Russian Reformation of Space Industry to Guide Transition to Angara – Satellite Today

Angara Russian Rocket Vostochny

An Angara rocket being transported to launch. Photo: Russian Ministry of Defense

[Via Satellite 03-20-2015] In a press conference at SATELLITE 2015 for International Launch Services (ILS), the U.S. subsidiary of Russia’s Khrunichev State Research and Space Production Center, Andrey Vladimirovich Kalinovsky, the acting director of Khrunichev, discussed the imminent switchover from the Proton launch vehicle to Angara in the midst of international sanctions and a government takeover.

“The last few years were not necessarily the best ones for our enterprise,” said Kalinovsky, speaking through an interpreter. “Nevertheless we took some serious steps to overcome these difficulties. We brought in fresh blood from the neighboring industries; we brought in personnel having experience and expertise in solving similar problems. We have developed the strategic plan of improving reliability and streamlining production.”

“There will be a focus on more automation and less human involvement both in the manufacturing and the inspection,” added Phil Slack, President of ILS at the conference. “There will be more streamlining in the production of the number of plants and facilities, we will be looking at more of a streamlined production approach where metal comes in one door and a rocket goes out the other door.”

This move is part of a massive reform of the Russian space industry at large, including the creation of a sizeable and singular entity in January of this year that will effectively eliminate Roscosmos and take on the duties of the Russian space agency as well as the United Rocket and Space Corp. (URSC) — a company formed in 2013 to oversee the troubled industry. This move to a new Russian space industry, which is to be headed by Igor Komarov, current head of the URSC, obviously taps concerns  about stifling competition within the Russian space market as the entity that manufactures satellites and rockets, now purchases them as well.

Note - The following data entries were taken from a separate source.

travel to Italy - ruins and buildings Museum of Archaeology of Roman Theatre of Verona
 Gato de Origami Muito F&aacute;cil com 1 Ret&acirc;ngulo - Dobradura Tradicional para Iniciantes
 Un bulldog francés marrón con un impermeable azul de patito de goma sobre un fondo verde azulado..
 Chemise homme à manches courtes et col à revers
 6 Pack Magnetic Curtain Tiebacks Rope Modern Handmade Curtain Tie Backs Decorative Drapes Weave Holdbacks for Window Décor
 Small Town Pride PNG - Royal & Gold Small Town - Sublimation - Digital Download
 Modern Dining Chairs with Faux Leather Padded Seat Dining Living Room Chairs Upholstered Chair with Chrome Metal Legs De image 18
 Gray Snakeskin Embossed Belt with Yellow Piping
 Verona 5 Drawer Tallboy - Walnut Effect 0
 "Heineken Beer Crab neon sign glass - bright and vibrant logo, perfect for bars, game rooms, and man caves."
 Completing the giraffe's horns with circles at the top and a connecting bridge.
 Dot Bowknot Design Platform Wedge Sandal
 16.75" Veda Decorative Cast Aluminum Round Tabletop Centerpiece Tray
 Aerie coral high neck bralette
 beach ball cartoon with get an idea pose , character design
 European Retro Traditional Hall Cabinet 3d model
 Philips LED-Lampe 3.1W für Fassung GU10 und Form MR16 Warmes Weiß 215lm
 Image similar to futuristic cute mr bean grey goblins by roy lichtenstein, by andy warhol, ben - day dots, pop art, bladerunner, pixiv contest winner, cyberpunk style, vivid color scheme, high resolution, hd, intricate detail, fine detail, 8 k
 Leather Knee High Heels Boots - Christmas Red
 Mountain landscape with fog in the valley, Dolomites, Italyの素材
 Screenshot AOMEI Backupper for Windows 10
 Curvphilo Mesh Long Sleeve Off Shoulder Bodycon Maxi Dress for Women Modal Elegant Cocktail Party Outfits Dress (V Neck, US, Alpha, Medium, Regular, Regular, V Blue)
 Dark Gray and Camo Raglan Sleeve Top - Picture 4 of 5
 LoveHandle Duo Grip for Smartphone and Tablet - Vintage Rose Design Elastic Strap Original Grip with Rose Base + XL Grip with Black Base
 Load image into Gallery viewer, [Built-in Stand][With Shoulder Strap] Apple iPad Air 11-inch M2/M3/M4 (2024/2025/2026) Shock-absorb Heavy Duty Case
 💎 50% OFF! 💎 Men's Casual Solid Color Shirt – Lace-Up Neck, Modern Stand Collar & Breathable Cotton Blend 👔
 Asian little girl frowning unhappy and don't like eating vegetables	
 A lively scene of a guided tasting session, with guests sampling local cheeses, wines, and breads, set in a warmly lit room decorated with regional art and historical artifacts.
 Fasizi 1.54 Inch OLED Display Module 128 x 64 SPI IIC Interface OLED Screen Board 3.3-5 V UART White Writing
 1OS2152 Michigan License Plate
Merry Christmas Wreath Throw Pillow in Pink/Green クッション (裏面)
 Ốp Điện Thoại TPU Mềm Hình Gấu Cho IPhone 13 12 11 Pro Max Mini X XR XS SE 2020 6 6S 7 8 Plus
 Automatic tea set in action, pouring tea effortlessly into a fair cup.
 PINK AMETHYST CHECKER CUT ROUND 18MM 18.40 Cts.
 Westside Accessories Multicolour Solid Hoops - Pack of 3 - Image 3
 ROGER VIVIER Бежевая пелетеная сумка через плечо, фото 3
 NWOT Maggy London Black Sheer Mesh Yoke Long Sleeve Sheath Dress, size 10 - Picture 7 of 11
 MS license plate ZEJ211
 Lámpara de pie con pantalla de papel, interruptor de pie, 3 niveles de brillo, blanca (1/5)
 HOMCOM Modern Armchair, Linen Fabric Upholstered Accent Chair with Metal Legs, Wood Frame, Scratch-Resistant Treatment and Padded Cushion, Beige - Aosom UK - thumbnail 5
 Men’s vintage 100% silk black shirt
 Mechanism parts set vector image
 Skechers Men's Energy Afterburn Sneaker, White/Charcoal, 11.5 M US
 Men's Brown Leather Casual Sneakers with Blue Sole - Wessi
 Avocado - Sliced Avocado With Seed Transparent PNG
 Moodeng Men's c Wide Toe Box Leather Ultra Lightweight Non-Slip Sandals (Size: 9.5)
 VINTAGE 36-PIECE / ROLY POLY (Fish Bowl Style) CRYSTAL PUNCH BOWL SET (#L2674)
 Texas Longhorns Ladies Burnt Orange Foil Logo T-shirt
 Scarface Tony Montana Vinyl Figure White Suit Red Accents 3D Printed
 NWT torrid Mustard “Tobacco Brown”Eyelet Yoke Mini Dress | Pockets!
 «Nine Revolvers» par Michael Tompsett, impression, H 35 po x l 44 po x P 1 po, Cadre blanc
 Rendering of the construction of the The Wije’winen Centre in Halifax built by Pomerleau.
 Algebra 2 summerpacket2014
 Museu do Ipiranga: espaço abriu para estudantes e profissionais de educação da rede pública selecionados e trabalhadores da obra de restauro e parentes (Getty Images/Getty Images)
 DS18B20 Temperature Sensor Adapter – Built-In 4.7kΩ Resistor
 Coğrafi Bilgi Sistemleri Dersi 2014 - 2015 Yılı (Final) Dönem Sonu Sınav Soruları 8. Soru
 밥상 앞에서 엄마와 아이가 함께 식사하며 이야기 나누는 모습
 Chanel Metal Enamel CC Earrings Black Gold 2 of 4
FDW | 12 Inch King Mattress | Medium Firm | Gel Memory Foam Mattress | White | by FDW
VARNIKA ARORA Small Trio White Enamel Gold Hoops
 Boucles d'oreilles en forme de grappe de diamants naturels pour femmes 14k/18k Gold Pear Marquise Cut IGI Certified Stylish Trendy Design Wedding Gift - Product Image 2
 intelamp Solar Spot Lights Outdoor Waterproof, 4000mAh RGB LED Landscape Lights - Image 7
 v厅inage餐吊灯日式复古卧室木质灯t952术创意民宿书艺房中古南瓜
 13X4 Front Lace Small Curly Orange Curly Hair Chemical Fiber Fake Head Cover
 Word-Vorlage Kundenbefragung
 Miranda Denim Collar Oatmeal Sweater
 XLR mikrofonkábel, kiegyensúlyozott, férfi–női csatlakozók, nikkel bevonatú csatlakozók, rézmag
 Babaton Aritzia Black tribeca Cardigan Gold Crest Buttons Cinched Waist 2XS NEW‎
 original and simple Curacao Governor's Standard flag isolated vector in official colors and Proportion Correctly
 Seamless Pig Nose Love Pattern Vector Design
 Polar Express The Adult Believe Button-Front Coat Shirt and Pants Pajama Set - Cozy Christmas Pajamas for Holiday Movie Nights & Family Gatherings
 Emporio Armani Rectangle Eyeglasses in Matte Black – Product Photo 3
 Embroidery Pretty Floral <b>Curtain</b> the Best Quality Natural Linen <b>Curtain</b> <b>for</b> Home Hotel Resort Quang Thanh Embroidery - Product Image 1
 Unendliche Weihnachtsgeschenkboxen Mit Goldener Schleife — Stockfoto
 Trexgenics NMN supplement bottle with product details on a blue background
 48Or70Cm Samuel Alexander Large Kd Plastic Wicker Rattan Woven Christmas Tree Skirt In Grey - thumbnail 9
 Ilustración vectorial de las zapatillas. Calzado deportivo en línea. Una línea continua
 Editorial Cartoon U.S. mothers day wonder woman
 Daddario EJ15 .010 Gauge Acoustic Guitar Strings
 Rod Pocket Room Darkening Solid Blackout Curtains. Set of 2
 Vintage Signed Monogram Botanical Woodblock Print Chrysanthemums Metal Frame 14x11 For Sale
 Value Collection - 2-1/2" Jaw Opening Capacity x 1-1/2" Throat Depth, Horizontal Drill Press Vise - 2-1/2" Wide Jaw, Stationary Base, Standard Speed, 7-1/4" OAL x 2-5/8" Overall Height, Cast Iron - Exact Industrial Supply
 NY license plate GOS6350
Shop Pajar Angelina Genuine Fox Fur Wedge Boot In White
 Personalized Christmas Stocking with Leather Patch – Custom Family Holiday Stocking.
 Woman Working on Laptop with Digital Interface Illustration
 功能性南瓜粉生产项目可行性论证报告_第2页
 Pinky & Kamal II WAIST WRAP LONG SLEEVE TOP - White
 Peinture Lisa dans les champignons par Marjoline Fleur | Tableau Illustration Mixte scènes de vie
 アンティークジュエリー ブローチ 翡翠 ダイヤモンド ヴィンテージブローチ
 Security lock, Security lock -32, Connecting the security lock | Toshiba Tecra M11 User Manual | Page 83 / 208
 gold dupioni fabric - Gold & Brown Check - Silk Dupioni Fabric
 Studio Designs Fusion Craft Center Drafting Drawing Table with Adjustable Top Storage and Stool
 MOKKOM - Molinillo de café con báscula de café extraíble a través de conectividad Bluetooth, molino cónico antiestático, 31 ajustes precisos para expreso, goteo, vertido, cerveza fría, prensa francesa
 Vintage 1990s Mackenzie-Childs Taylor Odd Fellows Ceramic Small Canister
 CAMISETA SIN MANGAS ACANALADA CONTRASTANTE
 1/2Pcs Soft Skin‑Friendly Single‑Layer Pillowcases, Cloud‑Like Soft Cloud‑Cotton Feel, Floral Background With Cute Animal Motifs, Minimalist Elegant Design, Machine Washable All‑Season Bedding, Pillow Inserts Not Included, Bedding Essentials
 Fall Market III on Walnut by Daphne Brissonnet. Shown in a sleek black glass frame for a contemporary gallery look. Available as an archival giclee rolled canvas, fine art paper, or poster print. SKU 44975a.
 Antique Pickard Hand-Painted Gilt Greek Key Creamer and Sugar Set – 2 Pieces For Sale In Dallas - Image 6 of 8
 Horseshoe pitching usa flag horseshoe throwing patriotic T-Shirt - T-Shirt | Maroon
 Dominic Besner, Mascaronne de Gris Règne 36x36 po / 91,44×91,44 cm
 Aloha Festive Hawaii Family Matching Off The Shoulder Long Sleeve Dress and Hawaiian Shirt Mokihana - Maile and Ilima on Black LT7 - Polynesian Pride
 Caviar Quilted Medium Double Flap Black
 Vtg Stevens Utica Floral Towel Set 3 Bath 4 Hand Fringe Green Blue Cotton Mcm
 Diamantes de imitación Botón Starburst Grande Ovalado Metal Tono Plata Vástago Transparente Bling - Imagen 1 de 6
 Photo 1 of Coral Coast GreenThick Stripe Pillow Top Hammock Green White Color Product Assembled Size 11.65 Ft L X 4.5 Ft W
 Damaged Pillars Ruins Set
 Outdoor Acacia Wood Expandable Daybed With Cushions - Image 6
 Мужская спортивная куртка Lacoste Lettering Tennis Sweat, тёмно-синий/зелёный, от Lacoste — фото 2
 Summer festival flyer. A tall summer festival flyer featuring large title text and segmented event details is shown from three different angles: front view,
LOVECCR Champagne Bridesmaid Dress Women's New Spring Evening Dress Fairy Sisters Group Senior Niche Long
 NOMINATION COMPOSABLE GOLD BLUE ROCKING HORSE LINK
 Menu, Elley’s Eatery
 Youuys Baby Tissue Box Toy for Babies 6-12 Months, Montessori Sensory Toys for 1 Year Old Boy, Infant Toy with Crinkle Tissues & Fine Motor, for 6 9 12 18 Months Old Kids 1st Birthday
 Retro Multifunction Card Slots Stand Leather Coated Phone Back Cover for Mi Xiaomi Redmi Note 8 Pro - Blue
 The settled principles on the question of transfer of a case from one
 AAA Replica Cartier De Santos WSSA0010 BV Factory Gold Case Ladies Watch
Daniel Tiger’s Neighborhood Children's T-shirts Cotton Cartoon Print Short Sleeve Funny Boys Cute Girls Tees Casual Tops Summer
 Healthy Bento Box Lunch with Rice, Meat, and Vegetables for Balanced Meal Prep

“Fortunately, this is not the first state-run organization to be set up in Russia. We have plenty of experience of operating such agencies,” said Kalinovsky, citing the country’s nuclear energy corporation Rosatom and Rustech, the state-run entity responsible for technologies.

International sanctions recently imposed on Russia by the United States also raise concerns for the space industry. While representatives noted there was a slight pause in licensing as sanctions took hold, they said Khrunichev operations went completely unaffected.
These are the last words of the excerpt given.